INFORMATION SHOWN →
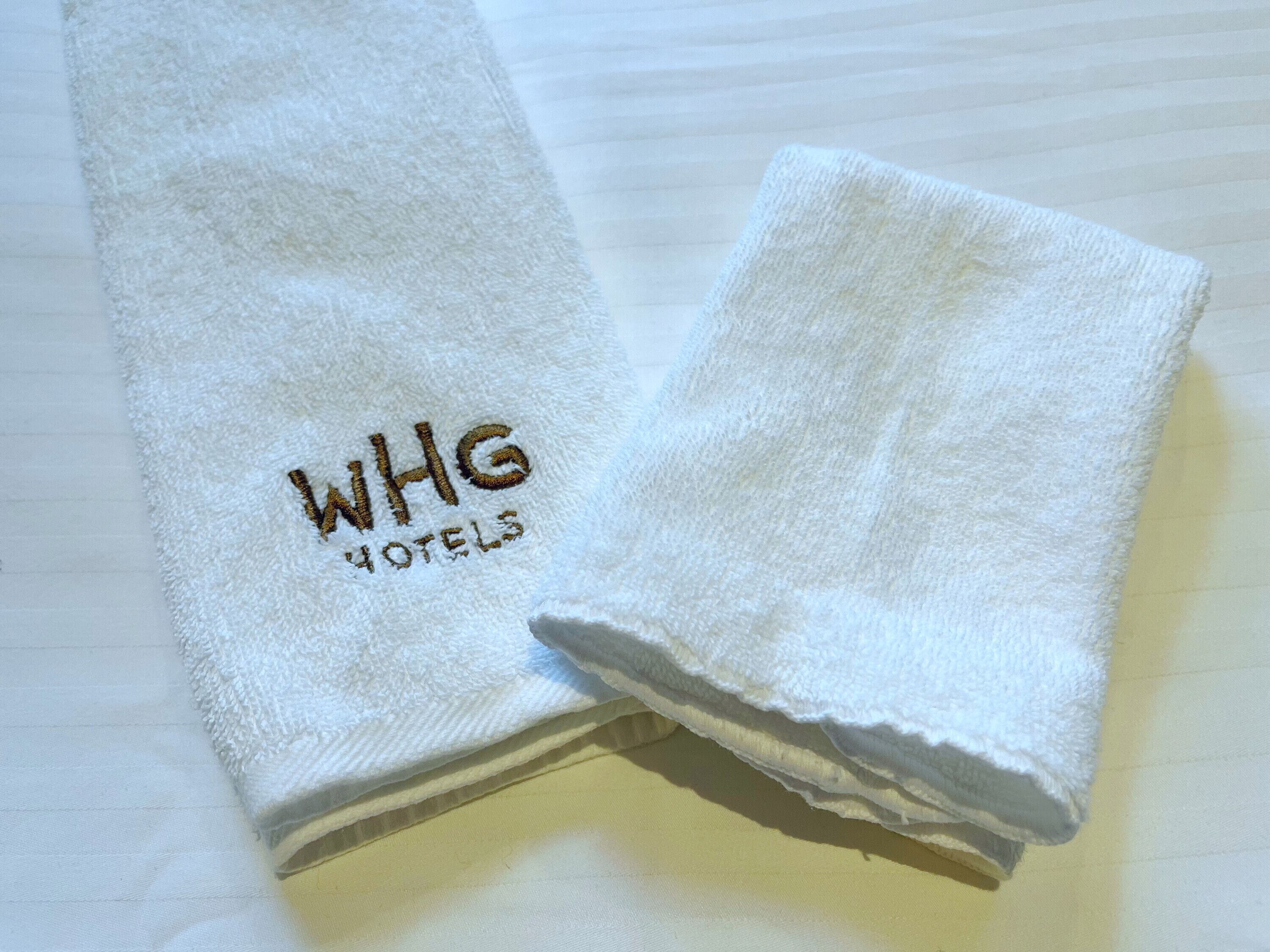 Zwei weiße Handtücher mit eingesticktem Text "WHG HOTELS".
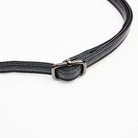Jasmin Muff Bag in Solid Black on a white background at Addison West
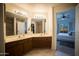 Bright bathroom features dual sinks and a view of the adjacent bedroom with a picturesque outdoor view at 10410 N Cave Creek Rd # 2007, Phoenix, AZ 85020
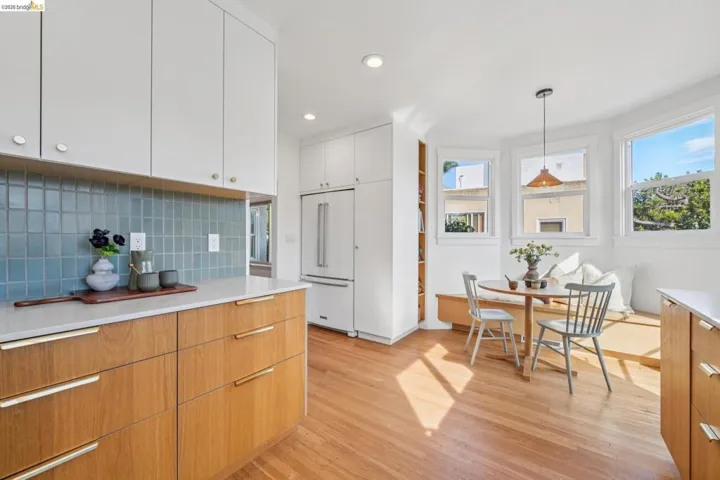 Dual tone kitchen featuring high end white fridge, decorative light fixtures, light wood finished floors, two tone color scheme, and decorative backsplash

EXERCISE PROMPT → No pictures go in the copy. Output exactly the lines from the line containing "Jasmin Muff Bag" through the end of the listing above.

RESPONSE TO THIS EXERCISE →
Jasmin Muff Bag in Solid Black on a white background at Addison West
 Bright bathroom features dual sinks and a view of the adjacent bedroom with a picturesque outdoor view at 10410 N Cave Creek Rd # 2007, Phoenix, AZ 85020
 Dual tone kitchen featuring high end white fridge, decorative light fixtures, light wood finished floors, two tone color scheme, and decorative backsplash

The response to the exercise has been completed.